WHAT THE TASK REQUIRES: From the first line of the records below through the line with "Tech One Tech USB-C", output each line exactly; skip the pictures.

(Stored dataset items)
--- START ---

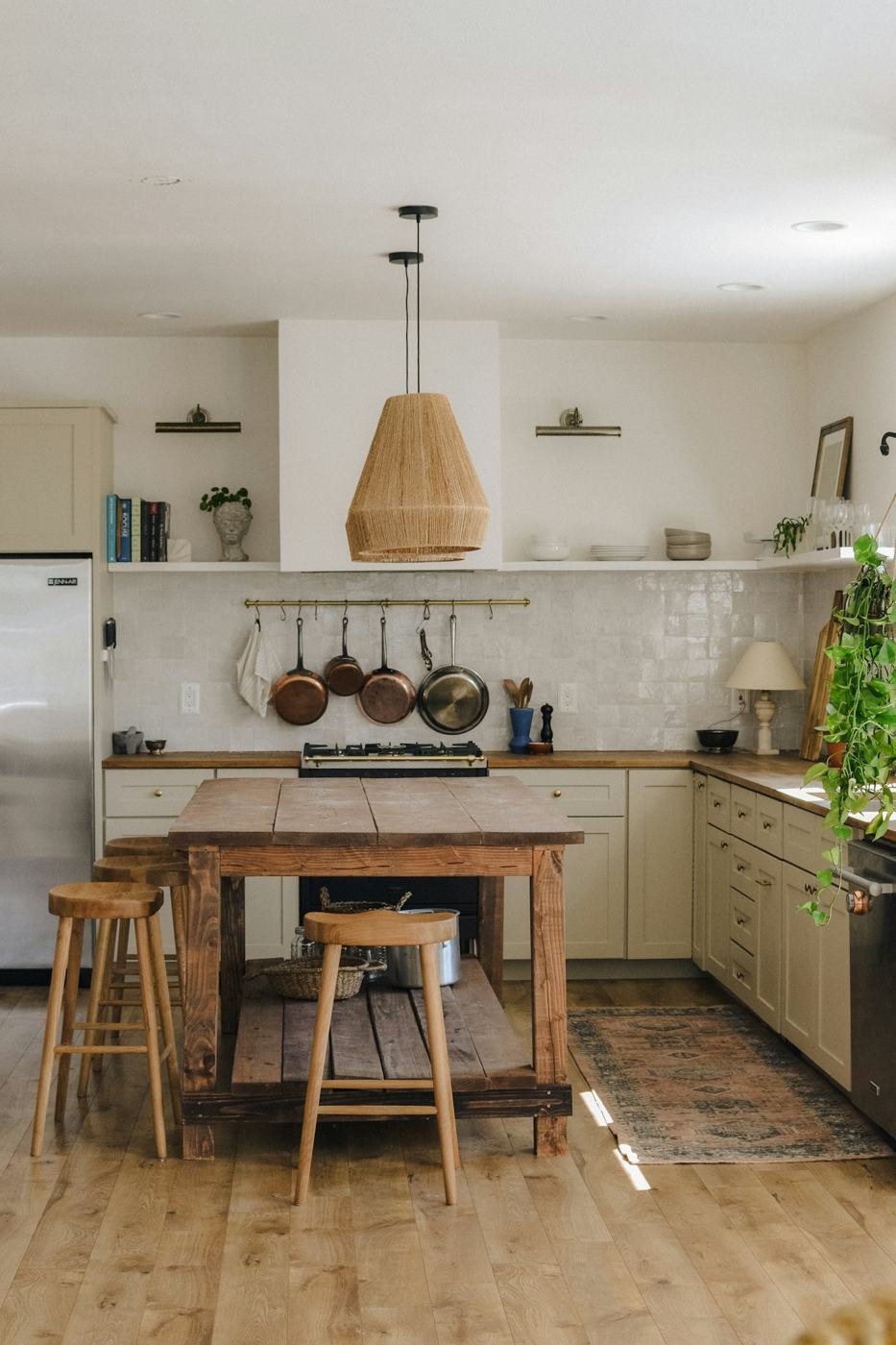 Kitchen with a reclaimed wood island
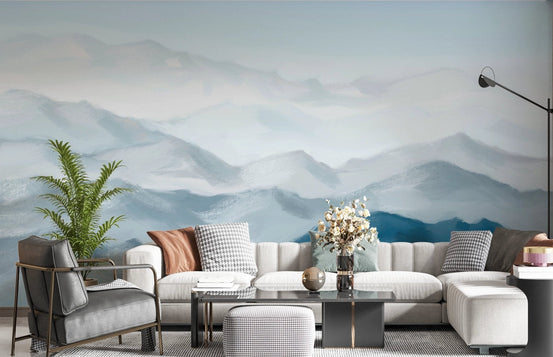 Grey and blue mountain range wall mural in a contemporary living room.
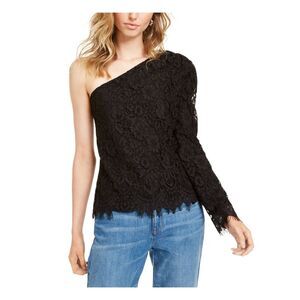 LEYDEN Womens Top Black Lace Long Sleeve Asymmetrical Neckline Party Juniors L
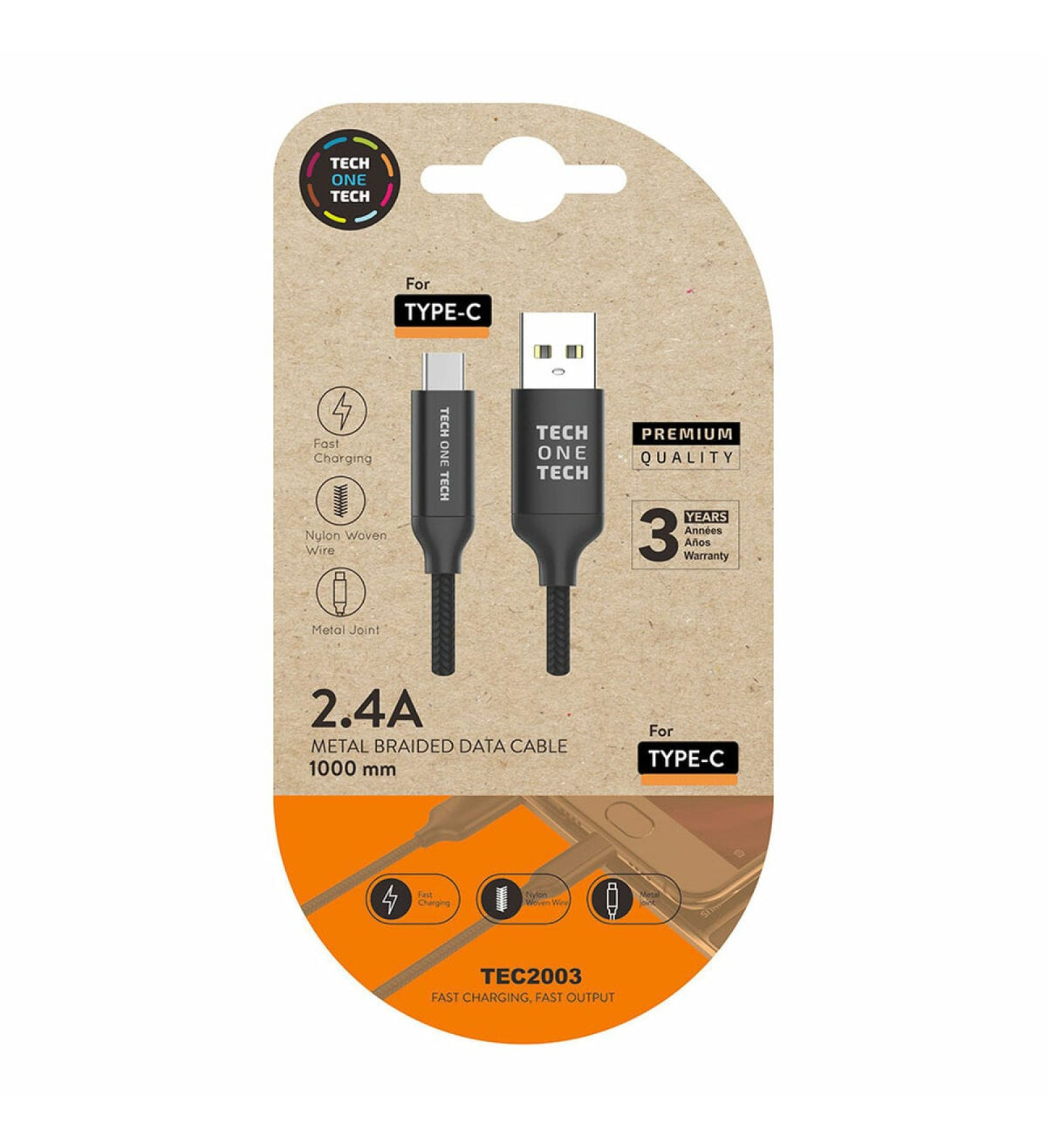 Tech One Tech USB-C Cable to USB Tech One Tech 1 m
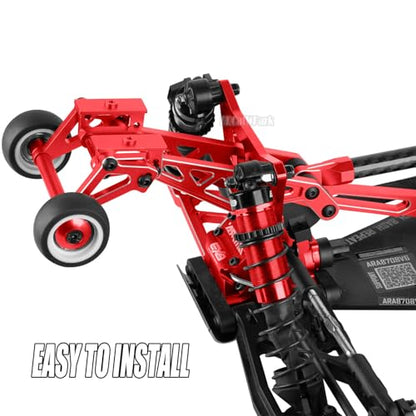 Aluminum Wing Mount & Wheelie Bar Set Upgrades Part for 1/8 Kraton 6S BLX(EXB),1/8 Notorious 6S BLX V6 Brushless RC Monster Trucks,RC Wheelie Bar Wing Mount Set,Replace ARA320758,Red - color: Red - (Aluminum Upgrades Part)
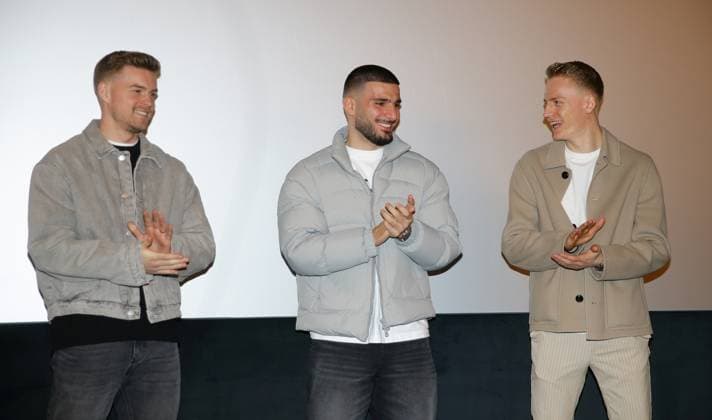 Stuttgart , Doku Unser Team Die Heim-EM 2024 im CinemaxX Stuttgart SI-Centrum , von links: Maximilian Mittelstädt Deniz Undav Chris Führich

--- END ---

TASK ANSWER:
 Kitchen with a reclaimed wood island
 Grey and blue mountain range wall mural in a contemporary living room.
 LEYDEN Womens Top Black Lace Long Sleeve Asymmetrical Neckline Party Juniors L
 Tech One Tech USB-C Cable to USB Tech One Tech 1 m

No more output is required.